Patrick de Carolis s'attaque à un gros poisson en critiquant le projet de suppression de la publicité engagé par Nicolas Sarkozy. Le président n'aime pas être contredit. La suppression de la pub à la télé est en soi une belle idée et devrait ravir les téléspectateurs inondés d'écrans publicitaires. Mais que cache cette réforme ?

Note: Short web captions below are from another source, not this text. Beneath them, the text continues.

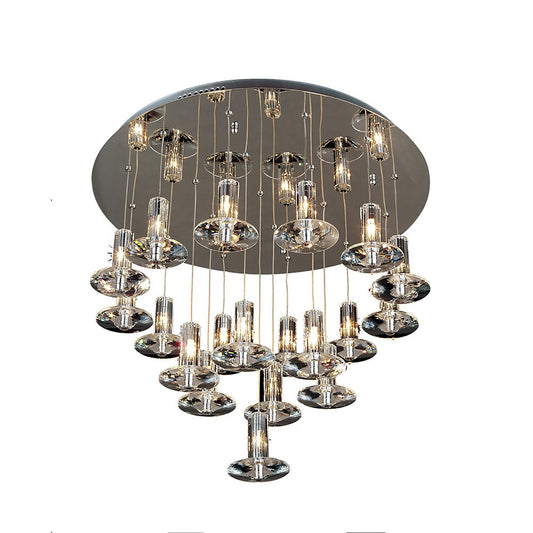 Diyas Troy 60cm  Round 19 Light G4 Polished Chrome/Crystal, NOT LED/CFL Compatible Ceiling Pendant Light Fitting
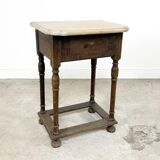 Antique oak hall table with stone top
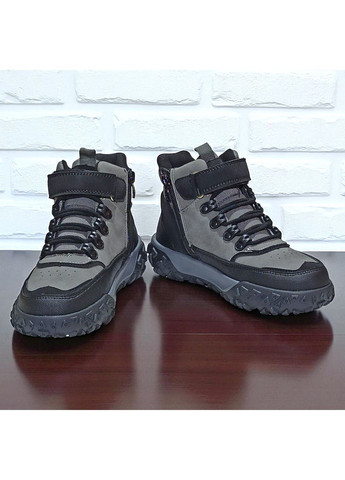 Серые спортивные, повседневные, кэжуал осенние утепленные демисезонные осенние ботинки ортопедические хайтопы на липучке для мальчика на флисе клиби Clibee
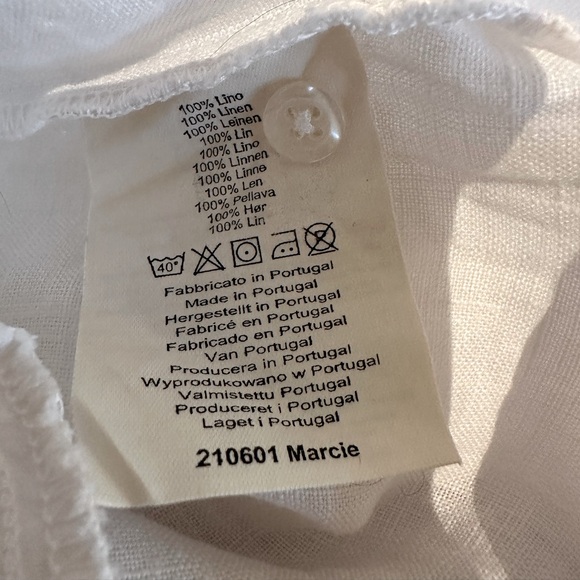 White linen drawstring waist dress by 0039 Italy also Swimsuit coverup Size S - Picture 6 of 6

Certains avancent l'idée d'un démantèlement du service public audiovisuel afin de porter secours aux chaînes privées, TF1 en particulier, qui connaissent une baisse de régime face à la concurrence du câble, du satellite, de l'ADSL et de la téléphonie. Ca parait gros comme tactique : sacrifier des chaînes qui sont également confrontées à la concurrence pour en sauver d'autres. Se pose ici la question de la qualité des programmes. Le téléphage va voir ailleurs ce qu'il ne trouve pas sur les chaînes dites "nationales" et ce n'est pas en accusant France Télévisions que cela va s'arranger. Il faudrait peut-être revoir ce que propose la Une. Toutes ces émissions de télé-réalité, ces jeux avec gains énormes à la clé, cet étalage de la vie privée des gens malheureux, ces séries policières à outrance, commencent à lasser. Le téléspectateur est devenu plus exigeant, il en a marre d'être pris pour un consommateur sans cervelle d'images. Les recettes miracles d'autrefois ne fonctionnent plus aujourd'hui, les chaînes privées devraient revoir leur politique.
D'autres prétendent vouloir améliorer la qualité. Libérer le service public du dictat de l'audimat donnera un coup d'accélérateur aux initiatives, aux créations originales et audacieuses. Moins ou plus du tout de publicité c'est aussi des émissions qui commencent à l'heure et ce n'est pas un luxe. Quand les émissions, les films ou les spectacles débutaient réellement à 20h30, c'était appréciable et évitait de se coucher à point d'heure. Puis petit à petit, on a regardé les diffusions de plus en plus tard et maintenant on se retrouve devant la télé tard dans la nuit quand ce n'est pas tôt le matin. Parce qu'il ne faut pas oublier aussi que les meilleures émissions sont parfois diffusées à partir de 23h30 ou minuit, ce qui ne facilite pas le besoin de sommeil que réclame notre organisme.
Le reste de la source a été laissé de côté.